The Nationals faced the Braves on Tuesday night in Atlanta (WAS-ATL GameTracker), and Washington's slugging outfielder Juan Soto in the sixth inning got every bit of this Bryce Elder cutter:

That's a 451-foot whopper that left the bat at 112.5 mph. That was Soto's second homer of the season, and it was the 100th home run of his young career. Soto is just 23 years old and as you might imagine, not many hitters have reached 100 career round-trippers at such a young age. Consider: 

  • Soto becomes just the 27th player in MLB history to reach 100 home runs before age 24. The last to join the club was Cody Bellinger in 2019. 
  • You'll recall that the 2020 season, Soto's age-21 campaign, was heavily abbreviated to just 60 games during the regular season because of the COVID-19 pandemic. Had it been a normal season, then Soto would almost certainly have reached 100 career home runs in 2021 as a 22 year old. Just four players have achieved that -- Alex Rodriguez, Mel Ott, Eddie Mathews, and Tony Conigliaro. By all rights, Soto should've been the fifth. 
  • Rare is the power hitter, especially these days, who's able to hit balls out of the park on a regular basis while also tallying more walks than strikeouts. Soto, however, is an impressive exception. At this writing, he has to his credit 377 walks against 354 strikeouts. Speaking of which, Soto becomes just the sixth hitter in MLB history to reach 100 home runs by age 23 while having more walks than strikeouts.

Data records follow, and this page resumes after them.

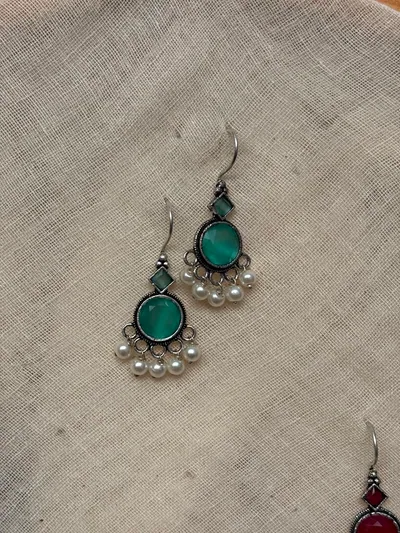 Green small drop earring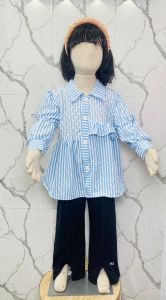 Setcel jenny salur crinkle mix knit anak perempuan usia 3 - 12 tahun / stelan kombinasi jaring brukat celana knit cutbray - COD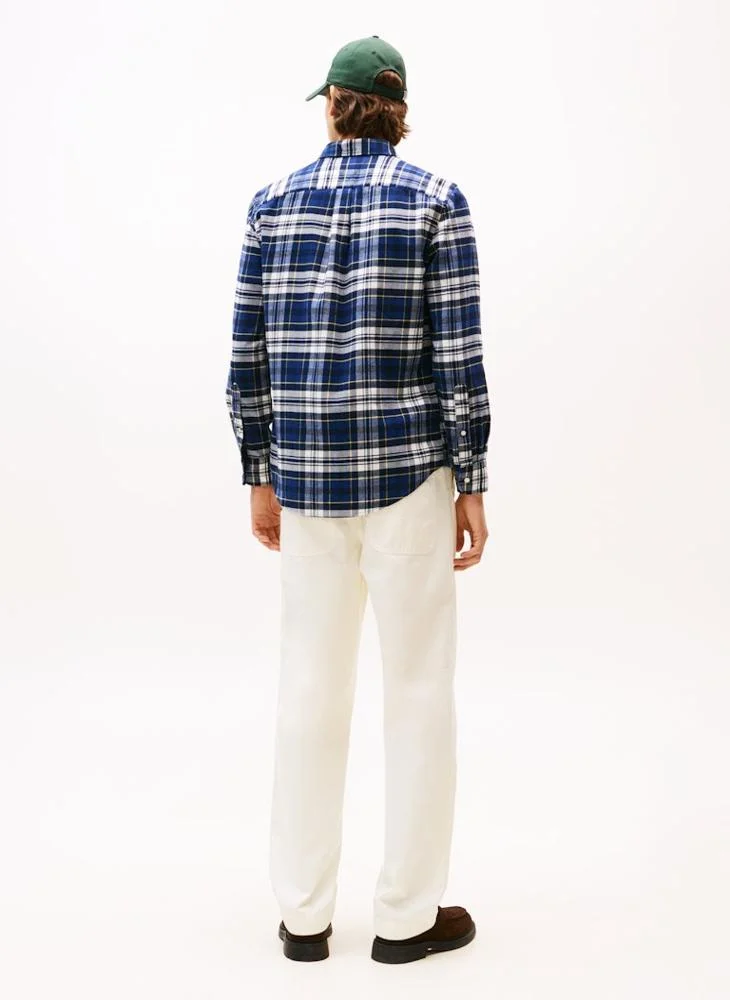 تومي هيلفيغر قميص كاروهات من الفلانيل بقصة عادية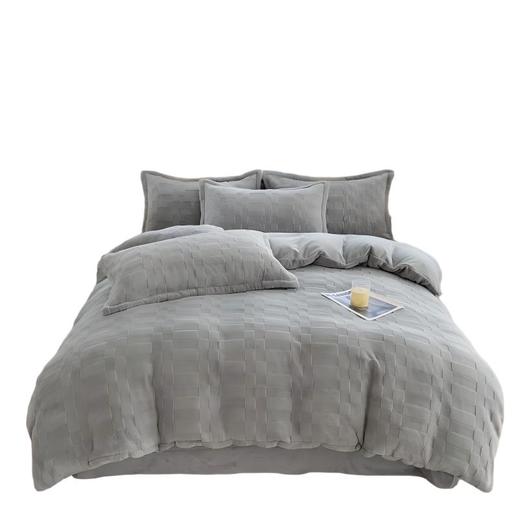 彼加曼 6D全消光皮草绒保暖四件套-云灰200*230cm BGM-T2538 商品图0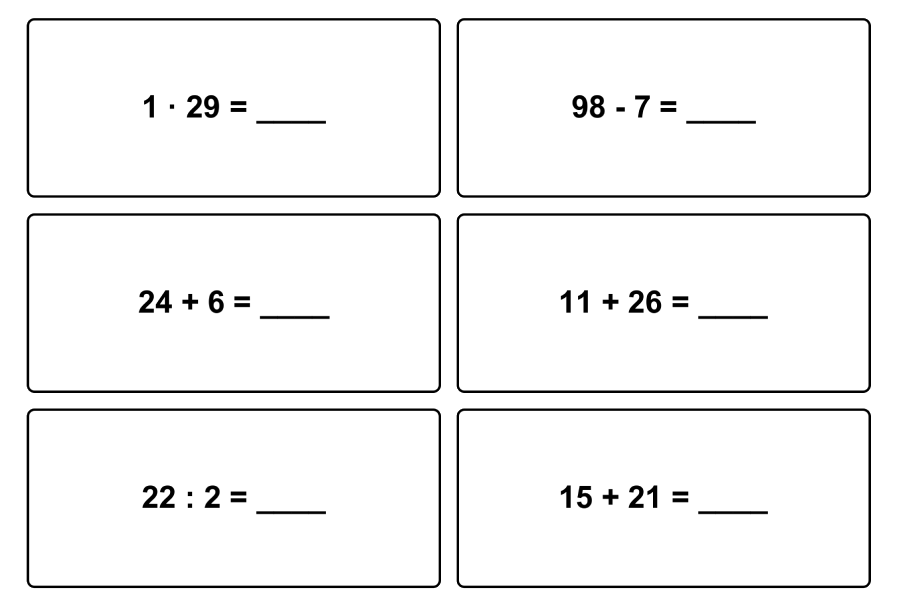 Ukázka pracovního listu s matematickými příklady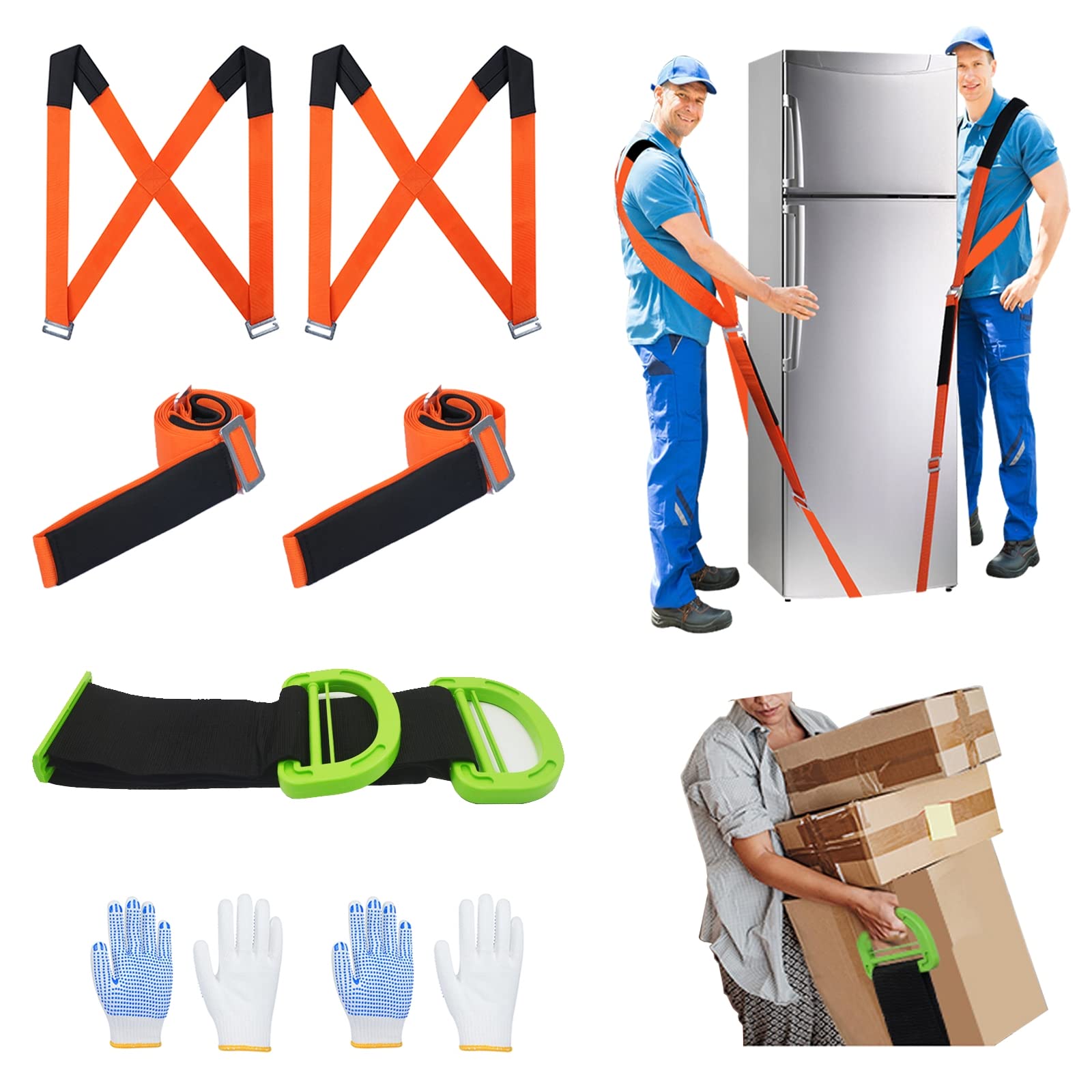 **Heavy Duty Moving Straps - Padded Lifting Harness for Furniture, Mattress & Appliances - One or Two Person Lifting System - Ergonomic Shoulder & Wrist Support for Professional Movers & DIY Home Use**    *(Perfect for Moving Heavy Couches, Mattresses, Appliances & Furniture Safely & Easily!)*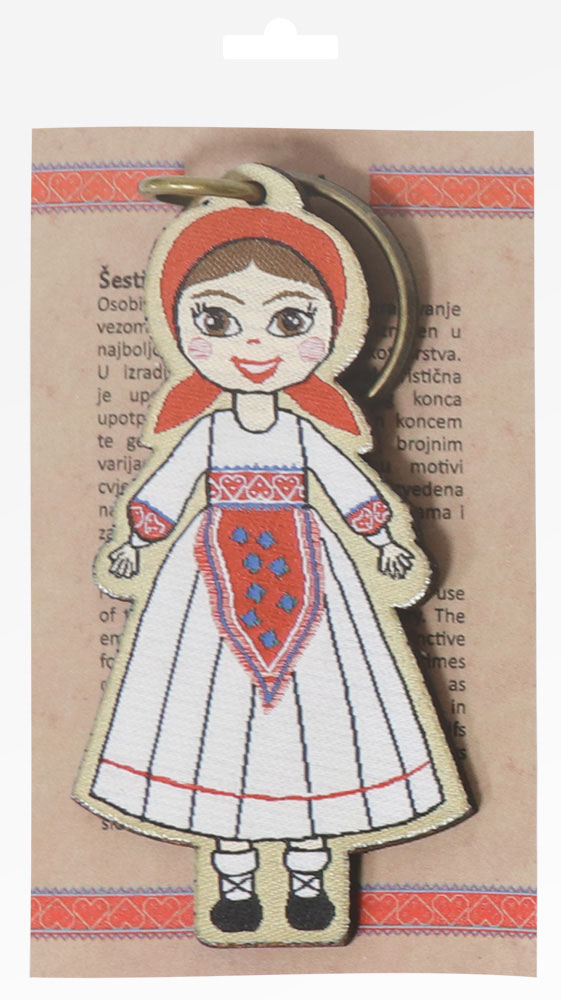 235186-EC Privjesak Ethno Croatia Šestine, od eko kože i vezene tkanine P6/96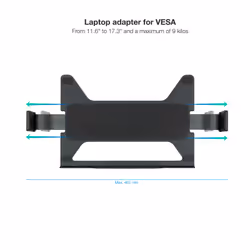 TooQ TQLH1117-B supporto per laptop Mensola a braccio per notebook Nero 43,9 cm (17.3")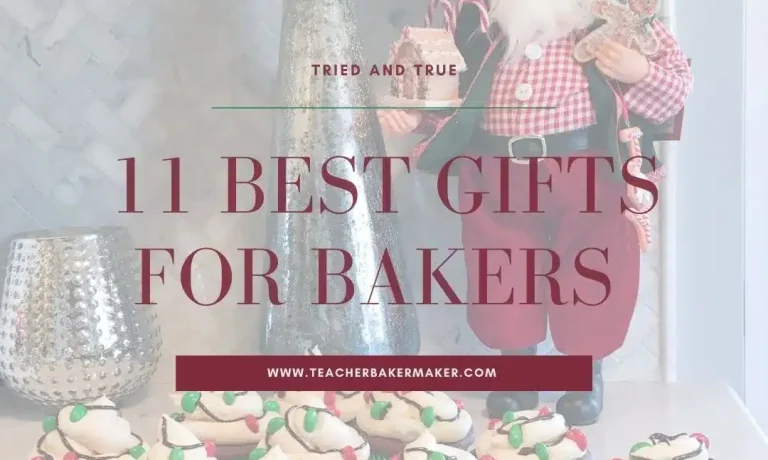 11 Best Gifts for Bakers text overlay with baker Santa behind tray of chocolate cupcakes with white frosting and Christmas lights M&M decorations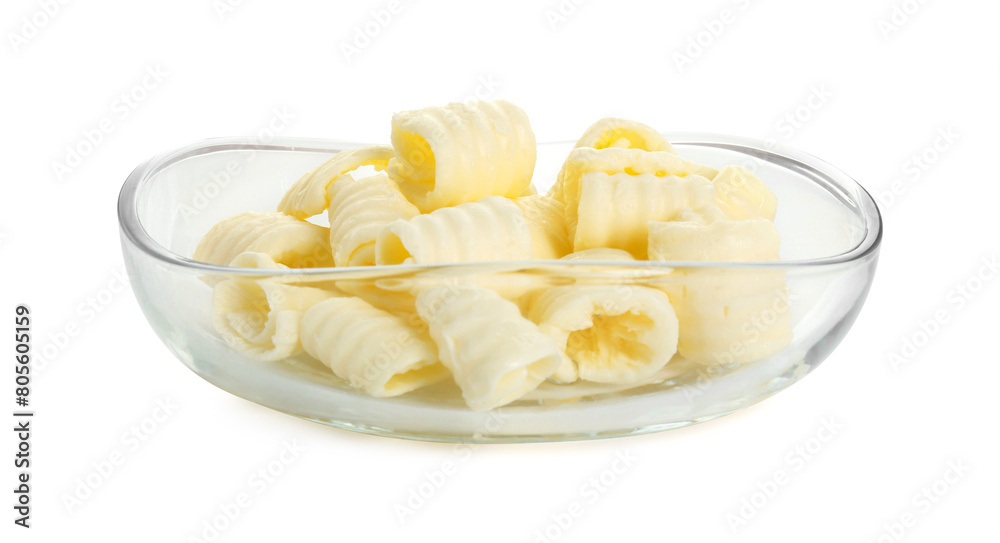 Tasty butter curls in bowl isolated on white Tasty butter curls in bowl isolated on white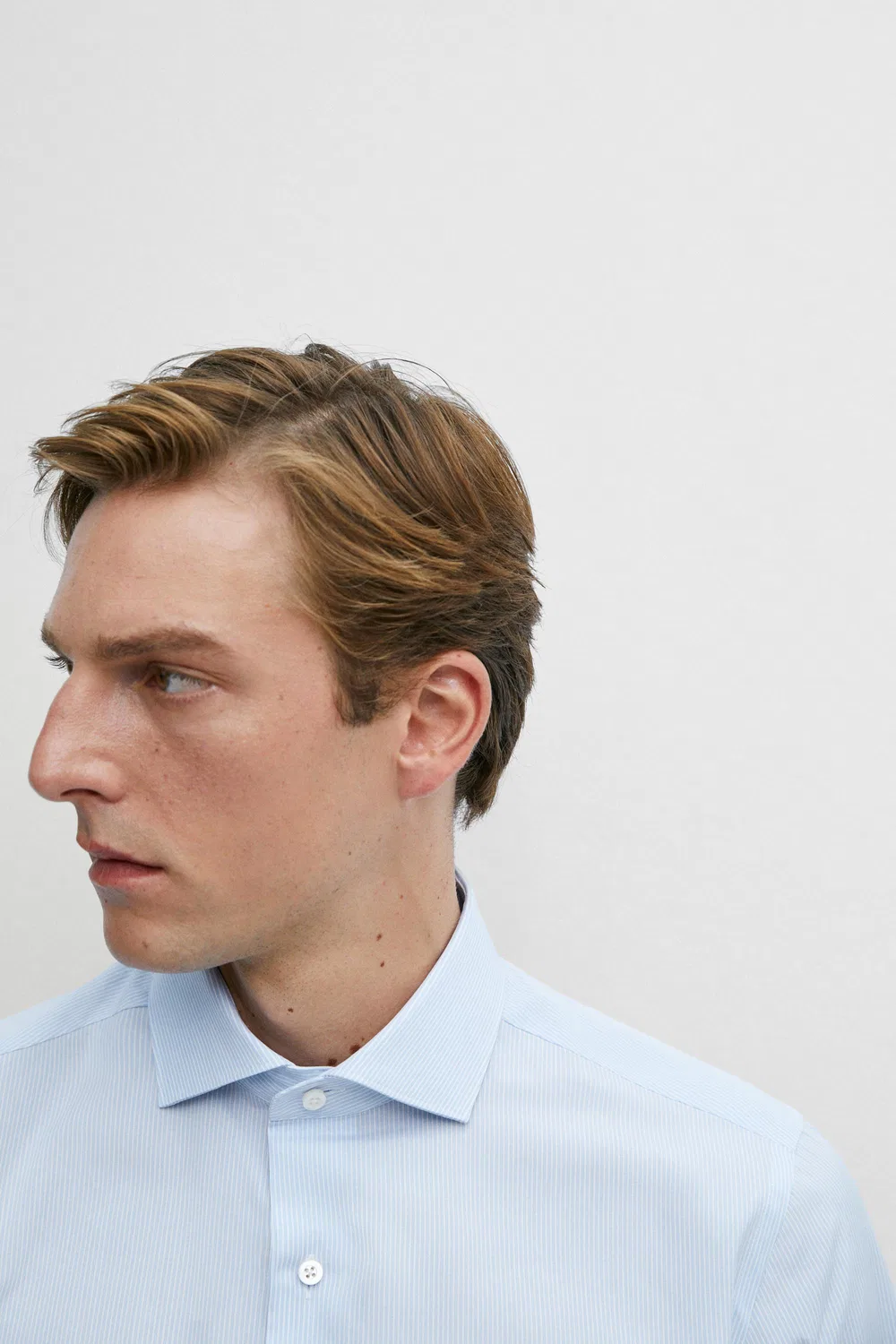 Рубашка полосатая Massimo Dutti, приталенная, небесно-голубой — фото 4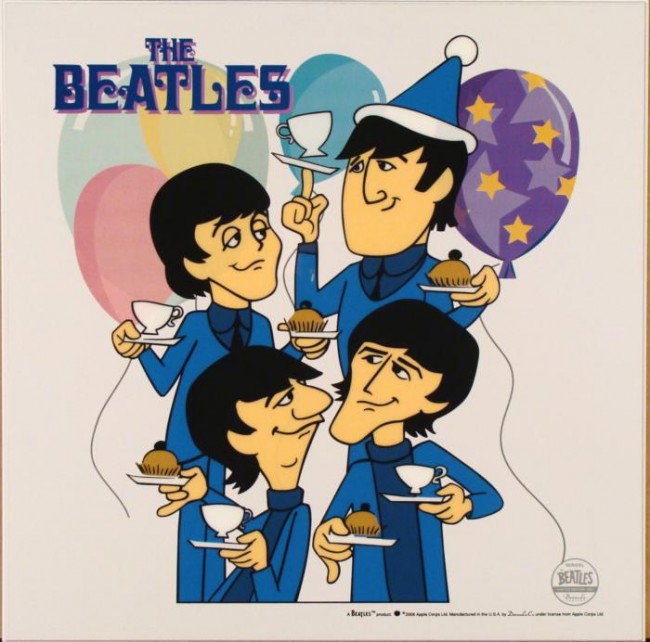 Beatles Cartoon Ltd Ed Sericel Animation Cel Crumpets: This animation sericel features John, Paul, George, and Ringo as inspired by their Saturday morning cartoon series The Beatles . This particular scene was never used in any of The Beatles 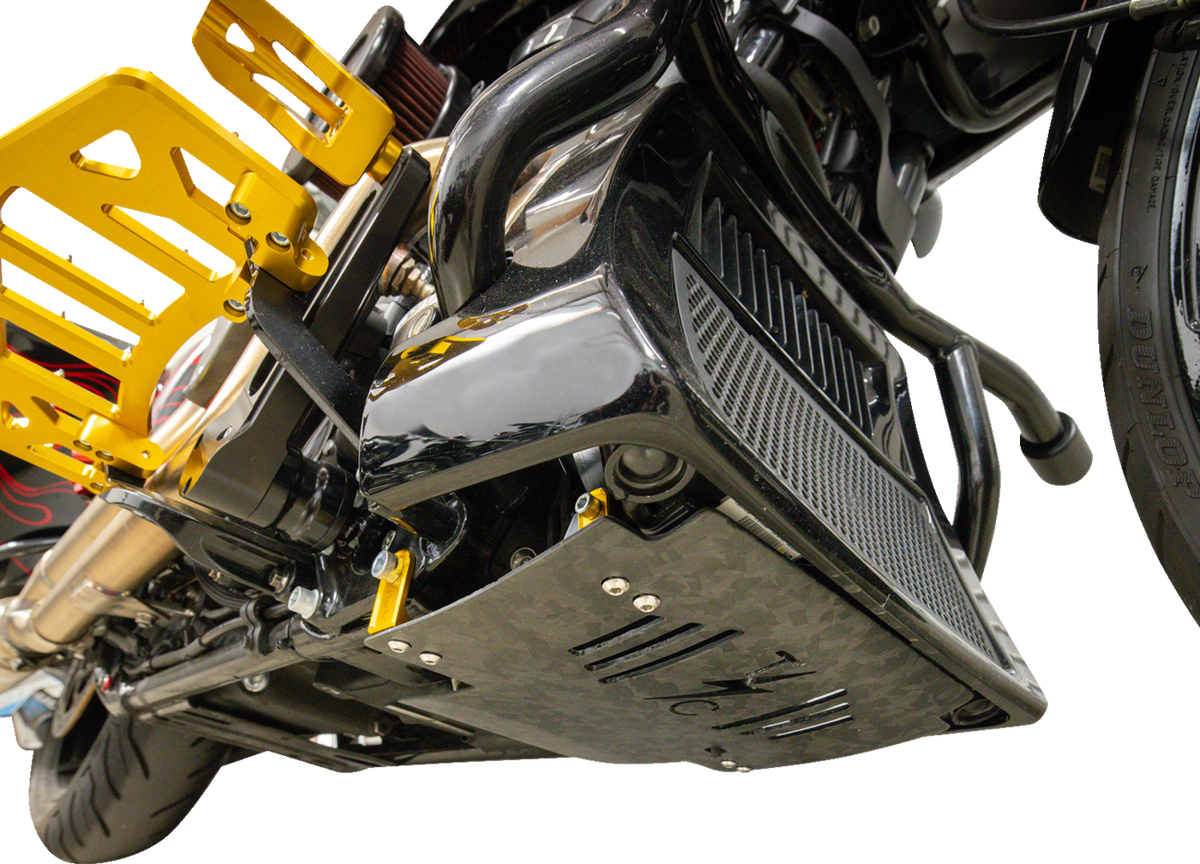Skid Plate - Carbon Fiber/Forged - With Gold Brackets - FLHX/FLTRX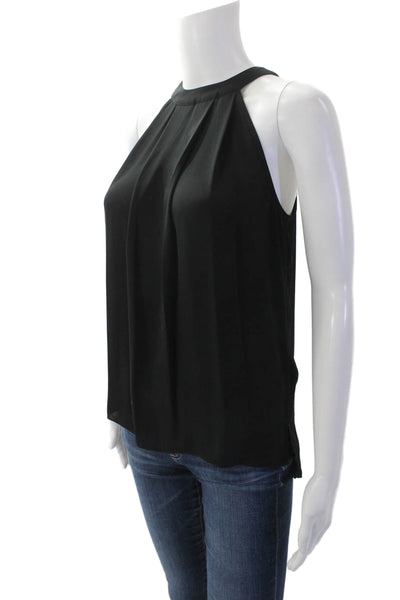 Trouve Womens Textured Round Neck Sleeveless Tank Top Black Size S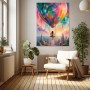Traumfahrt über der Fantasiestadt – Leinwandbild & Acrylglasbild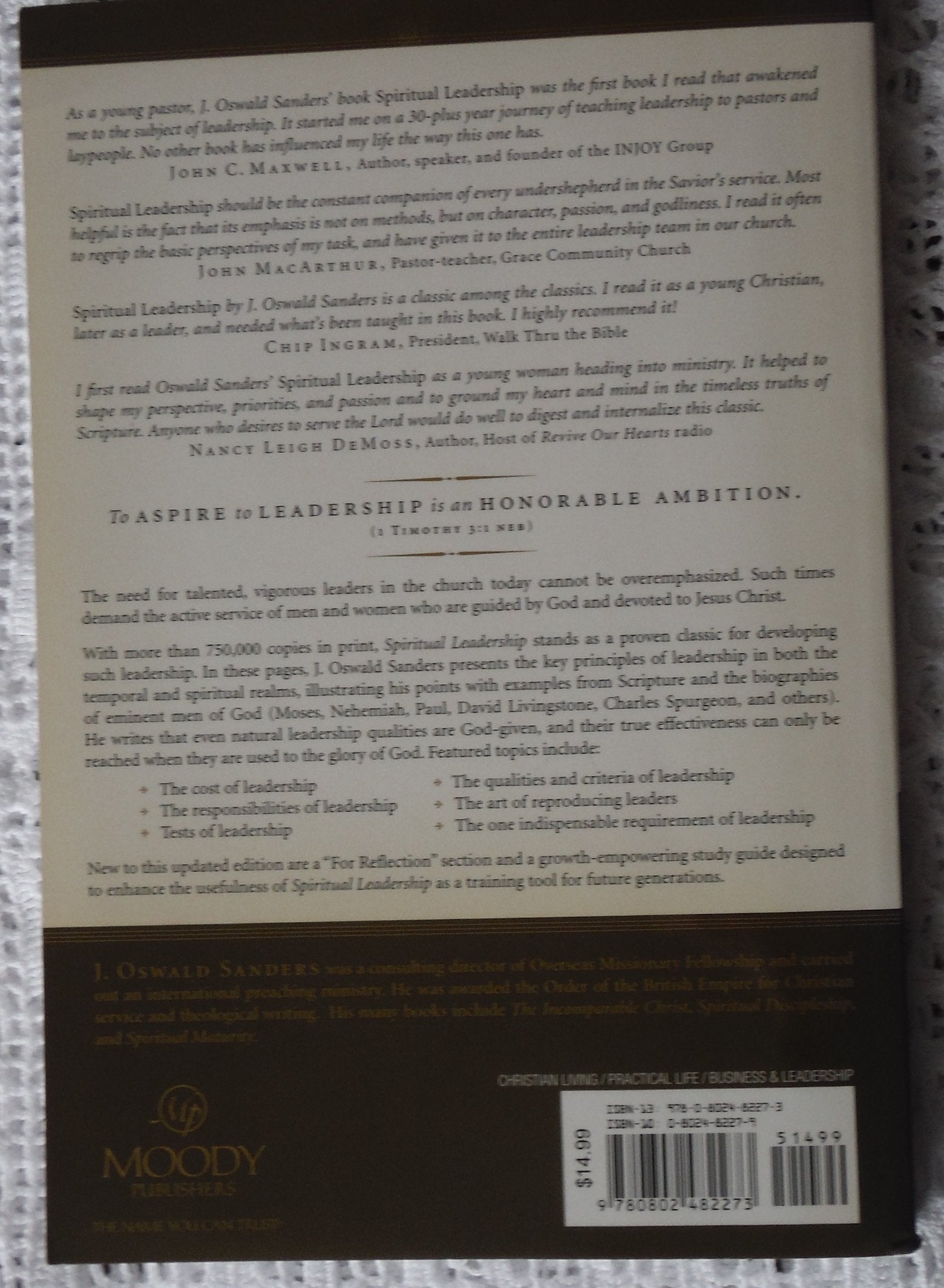 Spiritual Leadership: Principles of Excellence For Every Believer (Sanders Spiritual Growth Series),New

The other five were Eddie Mathews, Mel Ott, Ted Williams, Jimmie Foxx, and Joe DiMaggio -- an inner-circle Hall of Famers, one and all. Those five legends also played when strikeouts were much less abundant than during Soto's career. 

Soto is perhaps the best hitter in the game today, and he's one of the best young hitters in the annals of the game. Given his youth and the historically rare start to his career, Soto will very likely be reaching many more milestones in the years to come.